Sets support iteration with for..in:

var sum = 0
for item in set(10, 20, 30) {
  sum = sum + item
}
log(sum)  // 60

Convert a set to a list with to_list():

let items = to_list(set(10, 20))
type_of(items)  // "list"

Enums and structs

Enums

enum Status {
  Active
  Inactive
  Pending(reason)
  Failed(code, message)
}

let s = Status.Pending("waiting")
match s.variant {
  "Pending" -> { log(s.fields[0]) }
  "Active" -> { log("ok") }
}

Structs

struct Point {
  x: int
  y: int
}

let p = {x: 10, y: 20}
log(p.x)

Structs can also be constructed with the struct name as a constructor, which tags the value with the struct type:

let p = Point({x: 10, y: 20})
log(p.x)  // 10

Impl blocks

Add methods to a struct with impl:

struct Point {
  x: int
  y: int
}

impl Point {
  fn distance(self) {
    return sqrt(self.x * self.x + self.y * self.y)
  }
  fn translate(self, dx, dy) {
    return Point({x: self.x + dx, y: self.y + dy})
  }
}

let p = Point({x: 3, y: 4})
log(p.distance())       // 5.0
log(p.translate(10, 20)) // Point({x: 13, y: 24})
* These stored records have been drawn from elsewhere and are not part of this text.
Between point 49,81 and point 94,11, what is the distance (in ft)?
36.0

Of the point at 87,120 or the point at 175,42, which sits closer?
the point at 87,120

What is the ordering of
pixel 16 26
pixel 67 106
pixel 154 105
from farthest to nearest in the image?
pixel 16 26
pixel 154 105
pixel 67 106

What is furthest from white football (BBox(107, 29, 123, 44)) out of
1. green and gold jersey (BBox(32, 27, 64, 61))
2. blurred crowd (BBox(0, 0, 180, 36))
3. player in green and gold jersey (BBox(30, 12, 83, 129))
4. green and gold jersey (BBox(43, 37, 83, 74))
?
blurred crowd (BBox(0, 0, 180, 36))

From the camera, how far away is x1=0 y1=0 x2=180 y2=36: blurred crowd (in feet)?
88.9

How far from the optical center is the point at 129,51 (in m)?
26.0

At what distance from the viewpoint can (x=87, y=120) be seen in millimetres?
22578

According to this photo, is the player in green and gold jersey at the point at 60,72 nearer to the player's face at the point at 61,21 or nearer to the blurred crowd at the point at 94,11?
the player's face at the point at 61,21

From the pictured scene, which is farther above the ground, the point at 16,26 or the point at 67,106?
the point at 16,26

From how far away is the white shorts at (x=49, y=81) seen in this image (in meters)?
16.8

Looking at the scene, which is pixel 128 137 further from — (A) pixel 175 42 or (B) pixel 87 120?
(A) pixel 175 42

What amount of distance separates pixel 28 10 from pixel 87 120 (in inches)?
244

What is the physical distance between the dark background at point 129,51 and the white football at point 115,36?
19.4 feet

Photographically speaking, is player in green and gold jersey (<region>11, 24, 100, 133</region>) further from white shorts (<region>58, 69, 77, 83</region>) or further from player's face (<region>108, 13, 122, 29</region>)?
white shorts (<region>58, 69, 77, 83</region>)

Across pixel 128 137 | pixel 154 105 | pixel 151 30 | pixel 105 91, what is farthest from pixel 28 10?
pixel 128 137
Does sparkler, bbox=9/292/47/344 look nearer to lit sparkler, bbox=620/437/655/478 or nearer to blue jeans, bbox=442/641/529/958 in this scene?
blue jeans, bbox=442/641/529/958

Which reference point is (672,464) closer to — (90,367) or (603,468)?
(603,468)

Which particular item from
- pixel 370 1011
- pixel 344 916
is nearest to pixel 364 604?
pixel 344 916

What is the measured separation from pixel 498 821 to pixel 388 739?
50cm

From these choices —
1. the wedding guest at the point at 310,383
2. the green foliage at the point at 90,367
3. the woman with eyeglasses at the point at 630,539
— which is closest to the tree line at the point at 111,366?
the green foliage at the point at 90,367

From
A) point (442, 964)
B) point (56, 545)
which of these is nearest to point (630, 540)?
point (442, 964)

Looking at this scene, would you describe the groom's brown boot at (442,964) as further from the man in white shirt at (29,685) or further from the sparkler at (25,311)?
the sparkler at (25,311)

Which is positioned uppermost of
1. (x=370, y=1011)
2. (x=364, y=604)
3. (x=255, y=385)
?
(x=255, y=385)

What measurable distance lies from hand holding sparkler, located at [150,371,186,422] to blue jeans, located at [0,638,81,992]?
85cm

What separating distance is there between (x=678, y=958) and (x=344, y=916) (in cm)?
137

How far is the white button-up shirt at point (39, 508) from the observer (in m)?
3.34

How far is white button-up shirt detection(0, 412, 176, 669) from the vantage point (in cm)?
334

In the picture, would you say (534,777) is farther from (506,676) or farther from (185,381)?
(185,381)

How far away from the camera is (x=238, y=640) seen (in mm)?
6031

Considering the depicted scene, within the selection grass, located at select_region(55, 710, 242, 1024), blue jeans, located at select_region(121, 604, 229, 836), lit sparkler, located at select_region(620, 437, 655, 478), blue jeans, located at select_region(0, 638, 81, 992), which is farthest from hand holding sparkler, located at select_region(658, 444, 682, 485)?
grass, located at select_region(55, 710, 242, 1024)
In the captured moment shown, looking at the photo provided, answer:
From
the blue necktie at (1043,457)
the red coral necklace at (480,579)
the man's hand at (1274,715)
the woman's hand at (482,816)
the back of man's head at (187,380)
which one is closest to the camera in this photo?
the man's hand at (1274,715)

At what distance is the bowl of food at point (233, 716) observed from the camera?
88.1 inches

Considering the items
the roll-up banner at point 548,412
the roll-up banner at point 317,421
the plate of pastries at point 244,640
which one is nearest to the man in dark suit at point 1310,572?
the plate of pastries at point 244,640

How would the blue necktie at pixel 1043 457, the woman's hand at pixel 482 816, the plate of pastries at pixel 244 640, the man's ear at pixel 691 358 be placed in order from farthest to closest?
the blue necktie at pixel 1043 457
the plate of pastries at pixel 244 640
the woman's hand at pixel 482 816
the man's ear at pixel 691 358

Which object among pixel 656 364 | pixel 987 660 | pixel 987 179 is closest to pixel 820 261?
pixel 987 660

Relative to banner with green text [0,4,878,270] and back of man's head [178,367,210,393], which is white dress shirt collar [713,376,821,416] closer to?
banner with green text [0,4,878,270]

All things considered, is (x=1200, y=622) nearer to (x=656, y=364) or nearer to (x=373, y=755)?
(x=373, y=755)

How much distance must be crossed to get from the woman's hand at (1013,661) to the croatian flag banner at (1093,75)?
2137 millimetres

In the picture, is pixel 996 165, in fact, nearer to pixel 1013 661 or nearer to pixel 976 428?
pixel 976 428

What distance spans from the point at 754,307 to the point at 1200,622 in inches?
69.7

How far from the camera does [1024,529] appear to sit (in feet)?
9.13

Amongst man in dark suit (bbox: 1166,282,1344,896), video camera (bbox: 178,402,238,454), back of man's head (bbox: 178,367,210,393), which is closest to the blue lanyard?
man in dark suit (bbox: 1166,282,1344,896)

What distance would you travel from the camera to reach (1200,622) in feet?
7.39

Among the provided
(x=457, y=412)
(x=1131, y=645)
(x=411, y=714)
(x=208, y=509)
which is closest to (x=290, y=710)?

The first parameter must be self, which receives the struct instance. Methods are called with dot syntax on values constructed with the struct constructor.

Interfaces

Interfaces let you define a contract: a set of methods that a type must have. Harn uses implicit satisfaction, just like Go. A struct satisfies an interface automatically if its impl block has all the required methods. You never write implements or impl Interface for Type.

Step 1: Define an interface

An interface lists method signatures without bodies:

interface Displayable {
  fn display(self) -> string
}

This says: any type that has a display(self) -> string method counts as Displayable.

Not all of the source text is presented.